Deweloperzy za ukochanym życiem IS Strange Series rzucili światło na decyzję o wydaniu nadchodzącej gry Lost Records, w dwóch oddzielnych częściach. To podejście, które może na początku wydawać się niekonwencjonalne, jest napędzane zarówno motywacjami twórczymi, jak i praktycznymi mającymi na celu zwiększenie ogólnego doświadczenia gracza.
Zespół Life Is Strange uważa, że podzielenie gry na dwa segmenty pozwoli na bardziej ukierunkowane opowiadanie historii i lepsze tempo. Struktując w ten sposób narrację, mogą głębiej badać rozwój postaci i kluczowe tematy bez przytłaczających graczy z rozszerzonym czasem gry jednocześnie. Ten format oferuje również elastyczność w udoskonaleniu każdej części na podstawie informacji zwrotnej od gracza przed wydaniem drugiego odcinka, zapewniając bardziej dostosowane wrażenia.

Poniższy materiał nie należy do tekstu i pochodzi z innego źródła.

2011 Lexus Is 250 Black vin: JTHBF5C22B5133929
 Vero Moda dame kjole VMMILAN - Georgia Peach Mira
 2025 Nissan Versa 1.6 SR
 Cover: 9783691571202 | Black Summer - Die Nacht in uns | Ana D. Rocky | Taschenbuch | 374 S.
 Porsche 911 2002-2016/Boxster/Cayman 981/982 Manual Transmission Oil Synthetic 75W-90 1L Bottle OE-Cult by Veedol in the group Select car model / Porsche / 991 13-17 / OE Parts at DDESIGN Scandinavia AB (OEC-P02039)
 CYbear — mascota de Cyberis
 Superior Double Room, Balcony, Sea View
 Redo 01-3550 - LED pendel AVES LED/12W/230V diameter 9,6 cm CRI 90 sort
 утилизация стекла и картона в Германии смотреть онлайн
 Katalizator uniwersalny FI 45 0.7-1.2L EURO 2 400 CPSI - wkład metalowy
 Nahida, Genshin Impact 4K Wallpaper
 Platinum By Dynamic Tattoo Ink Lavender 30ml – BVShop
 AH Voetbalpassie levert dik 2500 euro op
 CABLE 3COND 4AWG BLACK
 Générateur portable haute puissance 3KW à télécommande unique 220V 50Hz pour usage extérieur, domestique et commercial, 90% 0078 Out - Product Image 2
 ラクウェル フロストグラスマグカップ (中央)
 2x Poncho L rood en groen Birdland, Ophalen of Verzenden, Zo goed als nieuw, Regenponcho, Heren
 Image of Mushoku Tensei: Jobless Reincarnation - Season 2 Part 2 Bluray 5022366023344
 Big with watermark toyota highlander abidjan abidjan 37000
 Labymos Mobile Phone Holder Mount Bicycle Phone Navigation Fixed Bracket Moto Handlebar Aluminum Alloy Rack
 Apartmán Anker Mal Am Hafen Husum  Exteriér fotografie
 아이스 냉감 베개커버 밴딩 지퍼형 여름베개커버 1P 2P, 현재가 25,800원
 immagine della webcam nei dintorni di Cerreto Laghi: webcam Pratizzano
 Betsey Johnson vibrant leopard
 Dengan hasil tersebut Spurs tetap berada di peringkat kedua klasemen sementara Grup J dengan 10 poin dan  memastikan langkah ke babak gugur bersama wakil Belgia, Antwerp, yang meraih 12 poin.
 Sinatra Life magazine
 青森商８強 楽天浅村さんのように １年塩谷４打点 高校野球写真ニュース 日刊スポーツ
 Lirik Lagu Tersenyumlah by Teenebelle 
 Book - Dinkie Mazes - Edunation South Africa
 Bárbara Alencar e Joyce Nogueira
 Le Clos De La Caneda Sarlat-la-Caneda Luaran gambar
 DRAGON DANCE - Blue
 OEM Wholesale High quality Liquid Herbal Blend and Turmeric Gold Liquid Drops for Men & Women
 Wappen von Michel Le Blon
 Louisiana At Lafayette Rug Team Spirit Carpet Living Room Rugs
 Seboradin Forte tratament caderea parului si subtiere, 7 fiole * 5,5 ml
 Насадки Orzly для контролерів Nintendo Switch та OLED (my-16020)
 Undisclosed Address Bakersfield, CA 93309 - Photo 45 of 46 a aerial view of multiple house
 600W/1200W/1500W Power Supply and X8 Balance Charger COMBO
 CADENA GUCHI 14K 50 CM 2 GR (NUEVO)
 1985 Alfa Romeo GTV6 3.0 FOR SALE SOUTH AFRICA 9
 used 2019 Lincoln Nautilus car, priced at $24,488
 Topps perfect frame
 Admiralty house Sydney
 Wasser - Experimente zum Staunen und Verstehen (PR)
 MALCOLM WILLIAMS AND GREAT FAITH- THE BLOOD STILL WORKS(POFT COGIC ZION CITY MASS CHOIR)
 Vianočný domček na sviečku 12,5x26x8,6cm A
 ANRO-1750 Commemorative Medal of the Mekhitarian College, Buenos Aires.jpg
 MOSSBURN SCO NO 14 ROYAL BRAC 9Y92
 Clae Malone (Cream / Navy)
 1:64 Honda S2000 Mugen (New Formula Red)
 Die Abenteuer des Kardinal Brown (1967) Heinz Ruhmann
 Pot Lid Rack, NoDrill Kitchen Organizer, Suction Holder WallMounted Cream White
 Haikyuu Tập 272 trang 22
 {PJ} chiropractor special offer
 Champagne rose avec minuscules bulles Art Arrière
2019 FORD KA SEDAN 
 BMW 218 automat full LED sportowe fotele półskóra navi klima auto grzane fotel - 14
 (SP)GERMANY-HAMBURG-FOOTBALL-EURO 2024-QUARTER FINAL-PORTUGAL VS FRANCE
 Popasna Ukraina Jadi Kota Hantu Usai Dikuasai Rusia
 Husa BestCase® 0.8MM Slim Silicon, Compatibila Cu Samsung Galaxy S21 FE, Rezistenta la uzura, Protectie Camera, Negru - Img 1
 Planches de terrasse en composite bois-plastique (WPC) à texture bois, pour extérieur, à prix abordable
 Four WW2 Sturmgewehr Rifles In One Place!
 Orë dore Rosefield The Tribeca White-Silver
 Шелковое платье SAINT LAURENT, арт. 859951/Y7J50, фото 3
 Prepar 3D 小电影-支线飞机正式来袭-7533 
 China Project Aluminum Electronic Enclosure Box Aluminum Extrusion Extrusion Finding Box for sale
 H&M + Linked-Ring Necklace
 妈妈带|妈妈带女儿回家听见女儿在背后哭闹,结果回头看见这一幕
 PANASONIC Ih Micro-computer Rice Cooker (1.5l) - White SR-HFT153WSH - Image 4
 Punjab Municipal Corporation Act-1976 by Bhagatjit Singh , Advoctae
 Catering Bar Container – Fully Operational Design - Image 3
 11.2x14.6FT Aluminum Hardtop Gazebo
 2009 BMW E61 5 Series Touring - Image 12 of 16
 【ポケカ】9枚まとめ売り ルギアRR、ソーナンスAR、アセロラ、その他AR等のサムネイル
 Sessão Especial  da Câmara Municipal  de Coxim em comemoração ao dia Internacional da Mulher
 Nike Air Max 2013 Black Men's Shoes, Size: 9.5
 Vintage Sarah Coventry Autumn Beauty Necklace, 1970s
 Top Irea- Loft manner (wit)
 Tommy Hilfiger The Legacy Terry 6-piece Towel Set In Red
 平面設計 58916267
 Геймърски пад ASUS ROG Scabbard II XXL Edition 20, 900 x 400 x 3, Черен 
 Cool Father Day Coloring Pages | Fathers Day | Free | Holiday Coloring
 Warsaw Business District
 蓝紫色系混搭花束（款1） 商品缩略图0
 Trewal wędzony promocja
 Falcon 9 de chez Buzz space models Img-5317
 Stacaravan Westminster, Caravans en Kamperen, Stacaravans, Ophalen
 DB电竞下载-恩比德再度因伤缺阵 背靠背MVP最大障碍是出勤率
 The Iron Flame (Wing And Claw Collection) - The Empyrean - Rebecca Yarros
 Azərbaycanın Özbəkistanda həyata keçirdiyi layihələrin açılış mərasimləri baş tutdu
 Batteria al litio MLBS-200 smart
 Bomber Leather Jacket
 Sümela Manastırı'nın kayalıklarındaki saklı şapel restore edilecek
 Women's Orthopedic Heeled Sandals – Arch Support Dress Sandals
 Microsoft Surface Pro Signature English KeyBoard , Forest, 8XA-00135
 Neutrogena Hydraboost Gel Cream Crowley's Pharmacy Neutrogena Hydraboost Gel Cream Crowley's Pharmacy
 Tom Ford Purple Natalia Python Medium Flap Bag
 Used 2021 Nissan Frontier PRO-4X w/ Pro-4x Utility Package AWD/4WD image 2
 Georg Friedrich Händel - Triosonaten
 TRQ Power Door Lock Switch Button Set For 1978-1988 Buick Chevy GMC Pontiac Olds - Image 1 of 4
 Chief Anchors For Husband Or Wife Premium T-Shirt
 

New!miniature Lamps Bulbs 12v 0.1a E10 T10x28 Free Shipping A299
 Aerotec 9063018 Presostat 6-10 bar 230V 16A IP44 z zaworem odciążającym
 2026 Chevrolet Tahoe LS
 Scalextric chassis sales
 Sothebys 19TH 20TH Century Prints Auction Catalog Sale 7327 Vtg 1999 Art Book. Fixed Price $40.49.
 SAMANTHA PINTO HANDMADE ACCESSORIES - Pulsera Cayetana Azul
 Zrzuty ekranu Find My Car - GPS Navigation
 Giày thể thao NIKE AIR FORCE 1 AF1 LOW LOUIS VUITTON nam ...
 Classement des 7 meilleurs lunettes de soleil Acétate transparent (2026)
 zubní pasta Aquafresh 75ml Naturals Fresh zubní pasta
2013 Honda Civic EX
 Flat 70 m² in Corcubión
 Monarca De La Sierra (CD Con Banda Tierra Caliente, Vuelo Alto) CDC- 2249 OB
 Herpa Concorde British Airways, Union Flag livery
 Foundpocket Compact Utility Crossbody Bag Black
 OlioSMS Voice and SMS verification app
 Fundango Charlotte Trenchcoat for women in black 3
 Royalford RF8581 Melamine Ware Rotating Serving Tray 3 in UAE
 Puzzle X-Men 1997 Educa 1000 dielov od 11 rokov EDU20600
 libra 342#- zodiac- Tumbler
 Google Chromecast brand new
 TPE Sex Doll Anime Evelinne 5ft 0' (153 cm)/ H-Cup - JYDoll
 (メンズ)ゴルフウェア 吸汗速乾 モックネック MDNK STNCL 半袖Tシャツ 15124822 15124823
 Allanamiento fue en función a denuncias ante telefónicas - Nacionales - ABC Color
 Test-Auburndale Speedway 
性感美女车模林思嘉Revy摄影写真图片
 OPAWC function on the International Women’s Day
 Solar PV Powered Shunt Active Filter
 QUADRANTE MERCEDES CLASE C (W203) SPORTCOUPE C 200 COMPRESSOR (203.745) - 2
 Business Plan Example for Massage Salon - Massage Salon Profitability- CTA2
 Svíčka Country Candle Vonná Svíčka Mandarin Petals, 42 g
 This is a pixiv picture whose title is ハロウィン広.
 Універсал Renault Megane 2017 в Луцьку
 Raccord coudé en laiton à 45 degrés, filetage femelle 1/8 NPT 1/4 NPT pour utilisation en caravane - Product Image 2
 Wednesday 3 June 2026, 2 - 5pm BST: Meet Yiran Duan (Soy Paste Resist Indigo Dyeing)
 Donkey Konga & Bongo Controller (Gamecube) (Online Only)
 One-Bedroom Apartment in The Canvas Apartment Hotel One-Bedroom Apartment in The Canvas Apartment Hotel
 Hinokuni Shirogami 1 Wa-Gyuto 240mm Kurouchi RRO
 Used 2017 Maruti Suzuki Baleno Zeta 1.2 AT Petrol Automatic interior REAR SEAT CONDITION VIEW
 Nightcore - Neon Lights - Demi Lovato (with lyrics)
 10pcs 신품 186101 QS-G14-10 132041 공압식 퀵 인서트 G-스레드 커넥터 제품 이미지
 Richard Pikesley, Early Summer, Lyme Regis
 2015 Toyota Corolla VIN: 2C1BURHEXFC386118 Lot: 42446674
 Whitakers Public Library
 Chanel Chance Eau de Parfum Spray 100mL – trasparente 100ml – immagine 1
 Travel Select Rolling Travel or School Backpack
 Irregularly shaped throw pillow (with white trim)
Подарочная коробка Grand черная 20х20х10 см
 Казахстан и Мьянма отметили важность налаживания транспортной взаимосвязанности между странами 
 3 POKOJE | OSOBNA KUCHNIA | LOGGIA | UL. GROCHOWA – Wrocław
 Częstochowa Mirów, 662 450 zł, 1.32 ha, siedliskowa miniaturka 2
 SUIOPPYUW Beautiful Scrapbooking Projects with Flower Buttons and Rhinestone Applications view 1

Z perspektywy produkcyjnej podział gry pomaga utrzymać wysokiej jakości standardy oczekiwane przez fanów serii. Daje to zespołowi programistów niezbędny czas na polską mechanikę rozgrywki, wizualizacje i projektowanie audio, co skutkuje bardziej spójnym i wciągającym doświadczeniem. Ponadto podejście to jest zgodne z obecnymi trendami w gier epizodycznych, w których rozłożone wydania pomagają utrzymać zaangażowanie gracza przez dłuższy czas.
Dla fanów z niecierpliwością oczekują kolejnej części w Life Is Strange wszechświata, decyzja ta obiecuje bardziej wyrafinowane i wpływowe doświadczenie. Podczas gdy niektórzy mogli preferować jedno, kompletne wydanie, zrozumienie uzasadnienia programistów podkreśla ich zaangażowanie w dostarczanie wysokiej jakości produktu, który pozostaje wierny korzeniom serii. W miarę pojawiania się więcej szczegółów na temat obu części, emocje nadal buduje się na to, co czeka w tym nowym rozdziale ukochanej franczyzy.